In Michelle Obama ’s new Netflix documentary, Becoming, viewers get a look at the former First Lady’s life post at the White House. The film follows Michelle on her new journey as an author and a motivational speaker, but it also offers a rare glimpse at her daughters, Malia , 21 and Sasha ’s, 18, evolving styles and newfound fashion sense. When former President Barack Obama was first elected into office in 2008, his daughters were only ten and seven years old. During his eight-year tenure, the girls were mostly seen wearing chic and elegant separates that were presidential-approved.
As the First Daughters, Malia and Sasha were expected to dress appropriately and modestly – think cute A-line skirts and dresses, preppy cardigans and printed sweaters. Aside from the fact they were children and likely not as dedicated to their personal styles, the girls were expected to set an example with their sartorial choices.
However, now that they’ve left the White House and have grown into young women, Malia and Sasha have the freedom to experiment with fashion. During a brief interview in which the siblings opened up about their inspiring mom, the girls are wearing casual outfits, unlike the garbs we watched them wear while growing up.
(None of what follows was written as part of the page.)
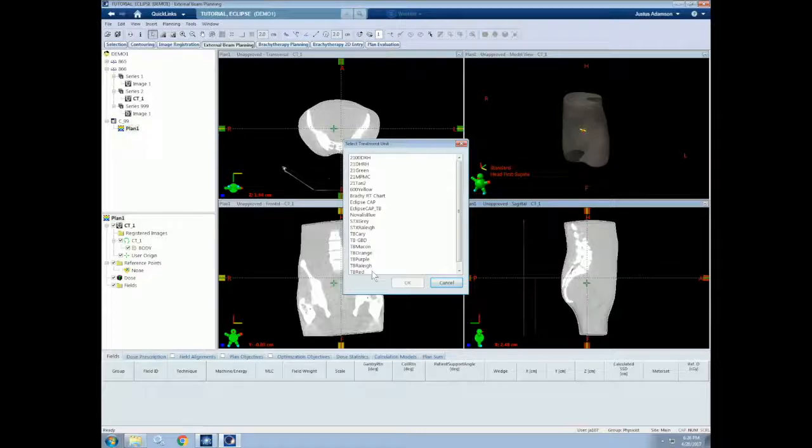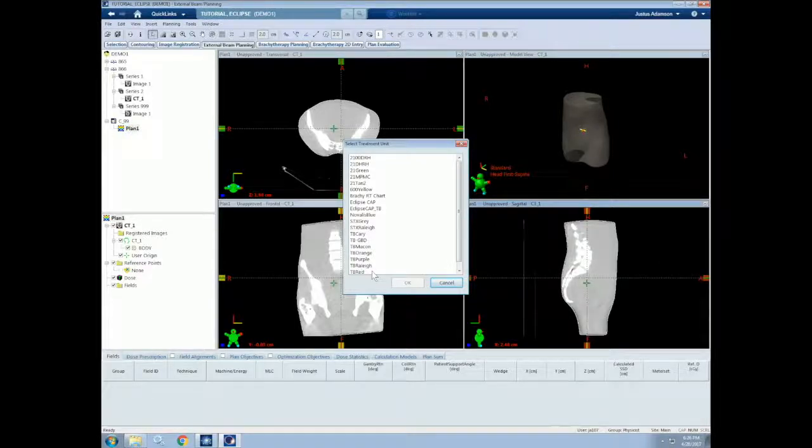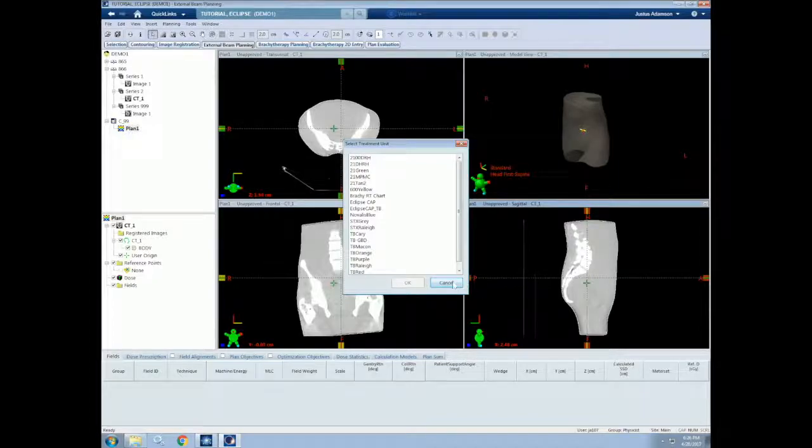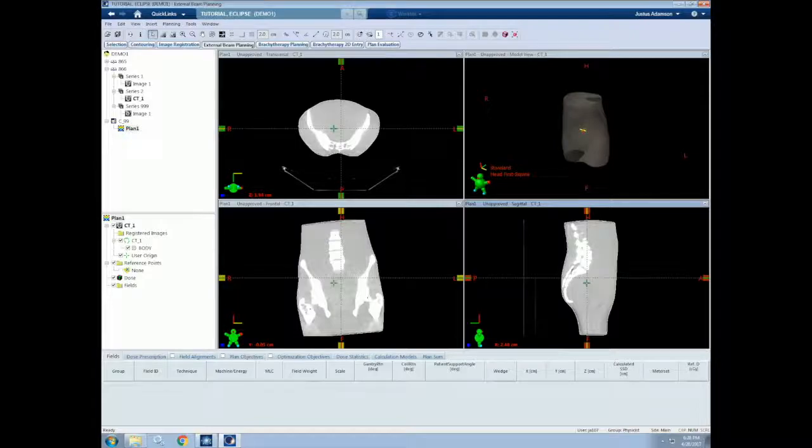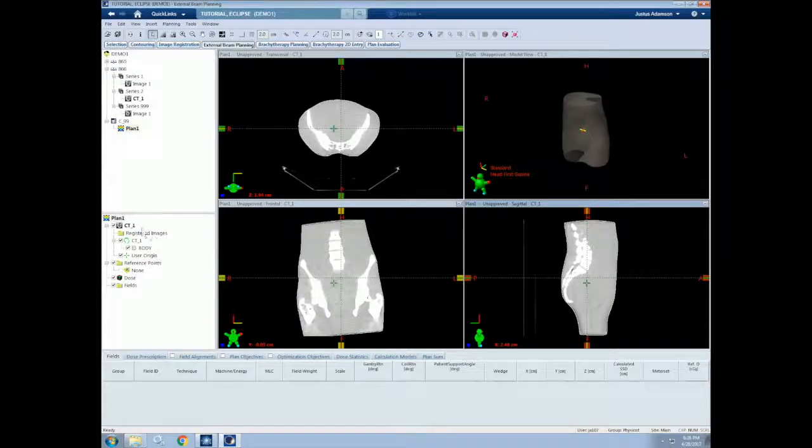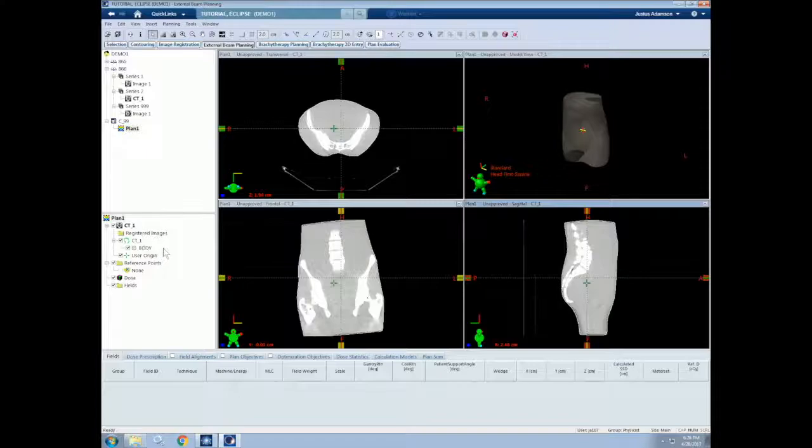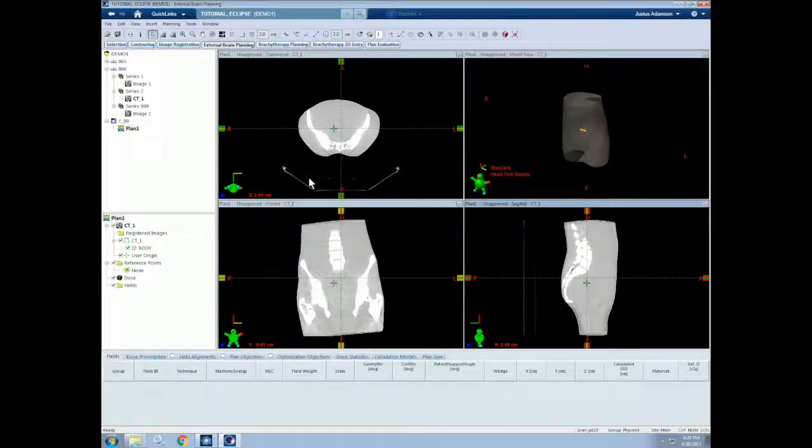Directly after creating a plan, we'll be prompted to insert our first treatment field. We do not have to do this right now, however, so we will cancel for now. Once our plan is created, we can see the images and structures associated with our plan down here on the left side. This will be your treatment planning interface and should be familiar to the first tutorial video.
In their joint interview, the sisters both appear wearing jeans and a t-shirt. Malia donned a peach-colored V-neck and light wash denim, while Sasha opted for ripped skinny jeans and a vintage-inspired Aaliyah graphic tee teamed with a pair of silver hoops. In another scene, the girls greet Michelle at the backstage of an event displaying a dressier look. Malia was wearing a long sleeve knit with tortoiseshell hoops and braided half-up hairstyle as Sasha rocked a mustard-hued crop top and a denim jacket.
Perhaps the presidential wardrobe had a greater influence on Malia as she continues to dress with a sense of modesty even outside the White House. She’s remained loyal to the classics wearing chic knitwear and preppy pea coats. Meanwhile, her younger sister Sasha has opted for a chic and trendy style that further aligns with Gen Z.